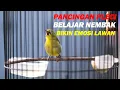 Download Lagu PANCINGAN PLECI PAUD BELAJAR NEMBAK, BIKIN LAWAN EMOSI DAN BONGKAR MATERI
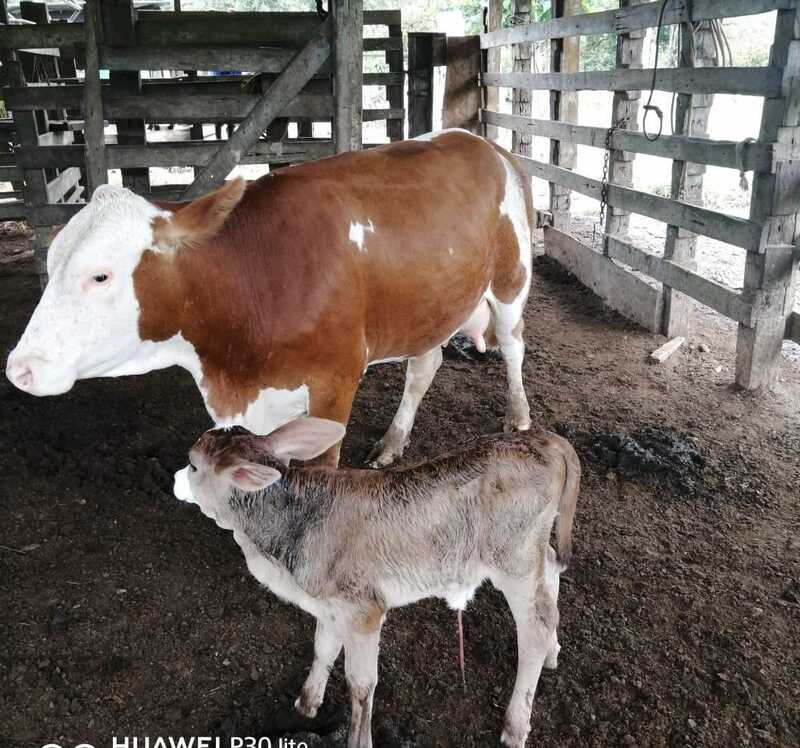"Conservando Huellas" Dairy Farm
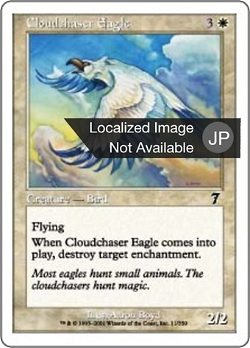雲を追う鷲 image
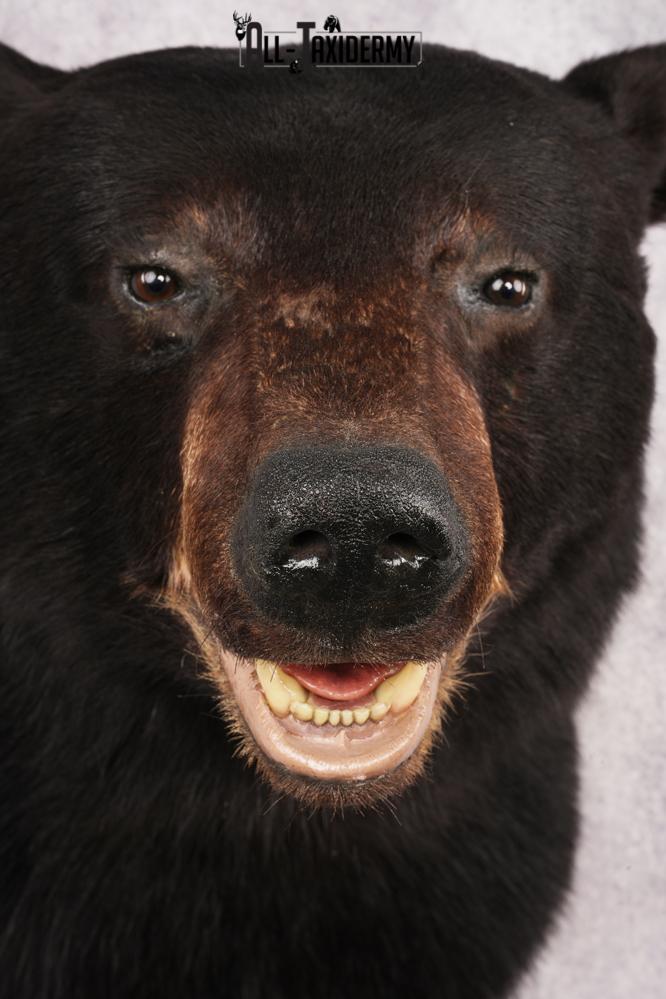 XL Black Bear Shoulder Mount SKU 3182 - Image 4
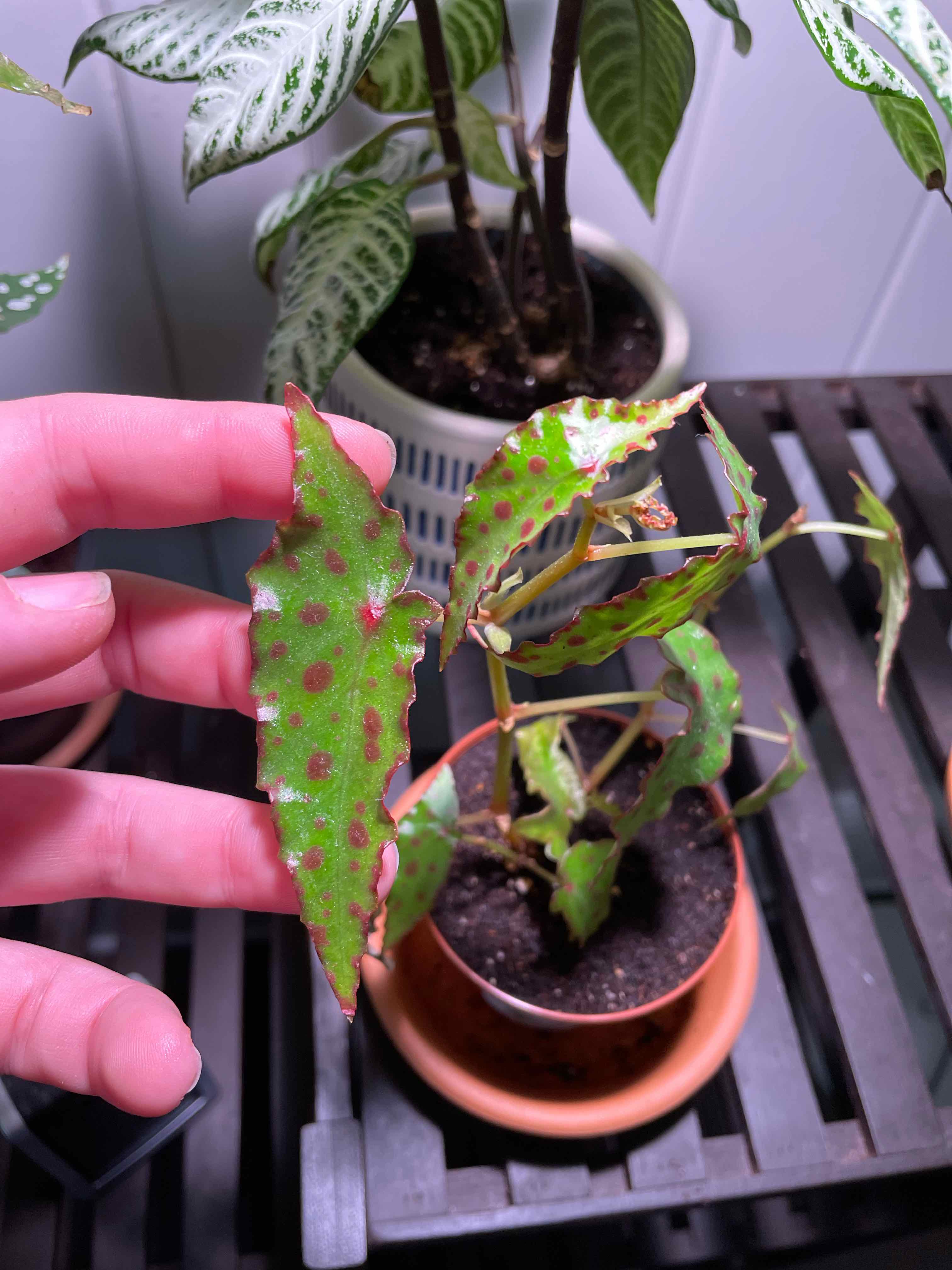 Begonia amphioxus plant with browning and black spots on leaves, hand holding a leaf.
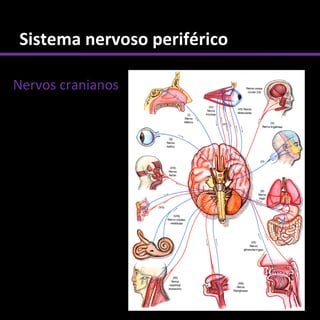 Sistema nervoso periférico

Nervos cranianos
 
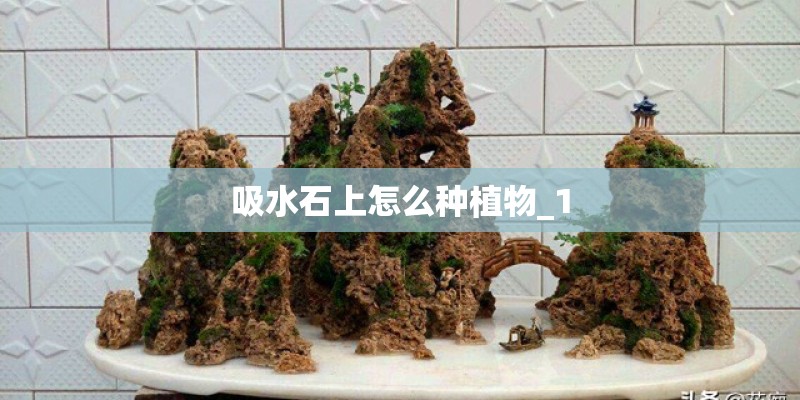 吸水石上怎么种植物_1 吸水石上怎么种植物_1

○ ○ ○ ○ ○

▶ [Problem]
Nothing but the lines from the one with "雲を追う鷲 image" through the last line of the records should appear in your answer, each exactly as written and without pictures.

▶ [Exercise response]
雲を追う鷲 image
 XL Black Bear Shoulder Mount SKU 3182 - Image 4
 Begonia amphioxus plant with browning and black spots on leaves, hand holding a leaf.
 Sistema nervoso periférico

Nervos cranianos
 
 吸水石上怎么种植物_1 吸水石上怎么种植物_1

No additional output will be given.